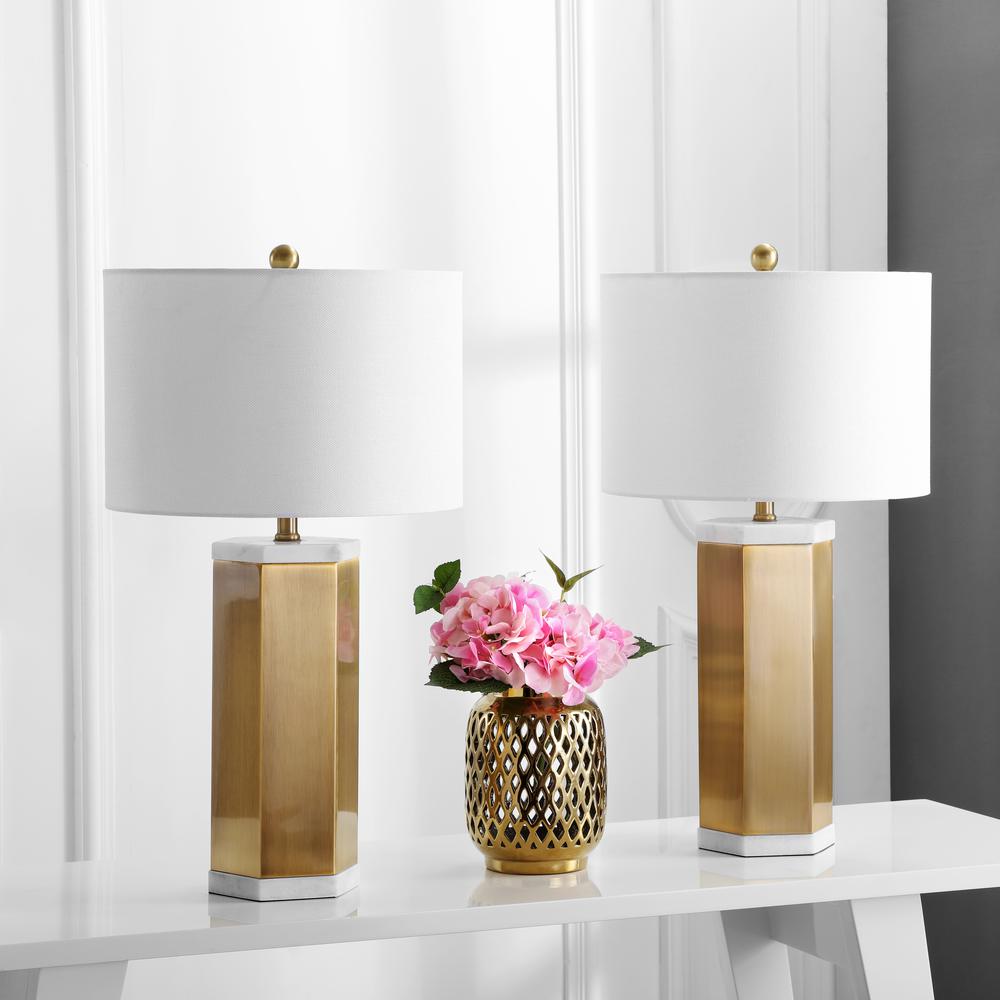 Alya Table Lamp, White/Brass Gold. Picture 1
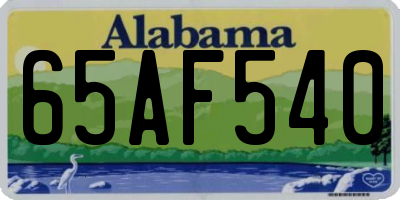 AL license plate 65AF540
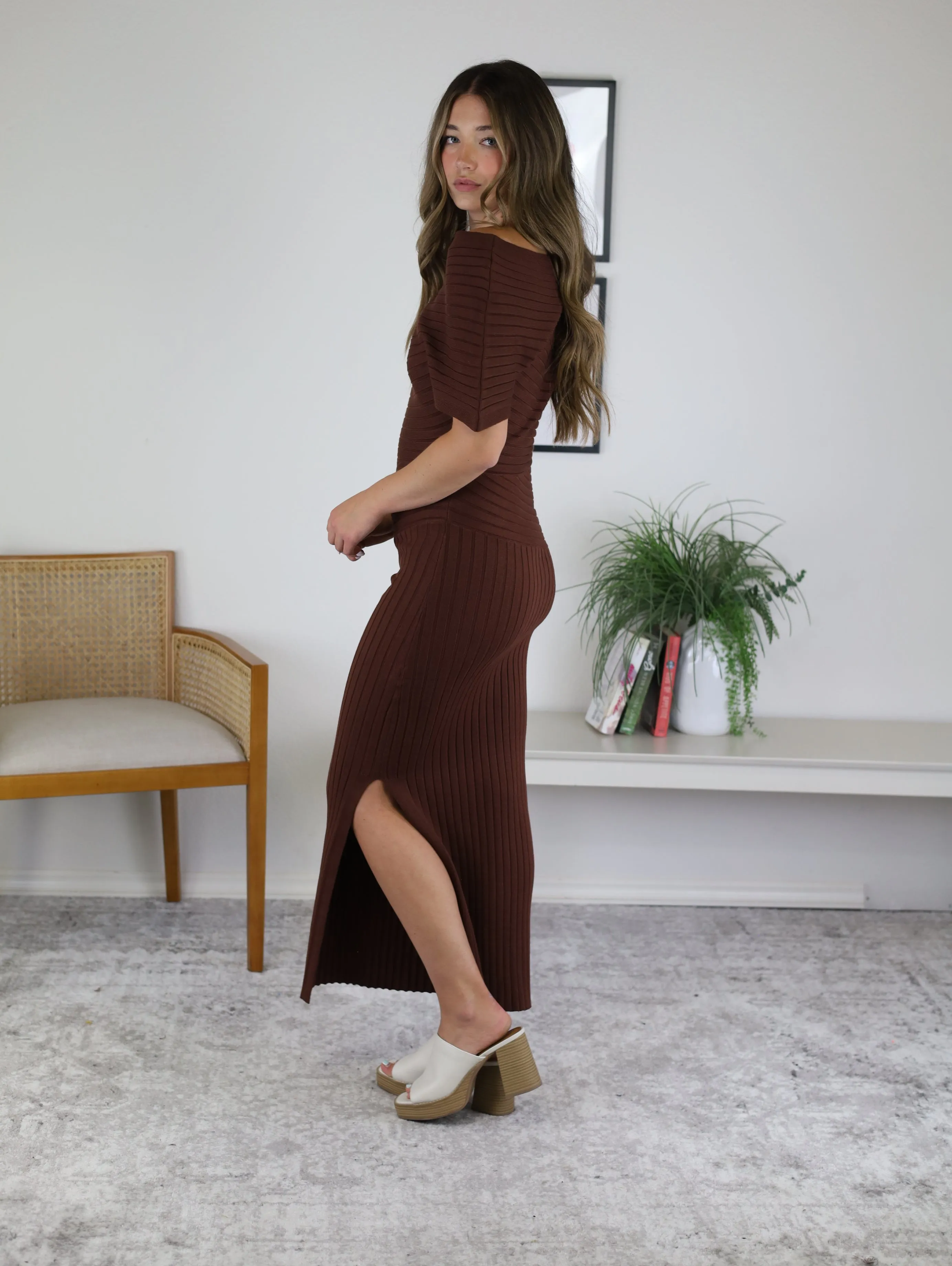 Hunter Off Shoulder Knit Midi Dress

GOAL OF THE EXERCISE: Once the pictures are set aside, please output all the data word for word.

WRITTEN REPLY:
 Alya Table Lamp, White/Brass Gold. Picture 1
 AL license plate 65AF540
 Hunter Off Shoulder Knit Midi Dress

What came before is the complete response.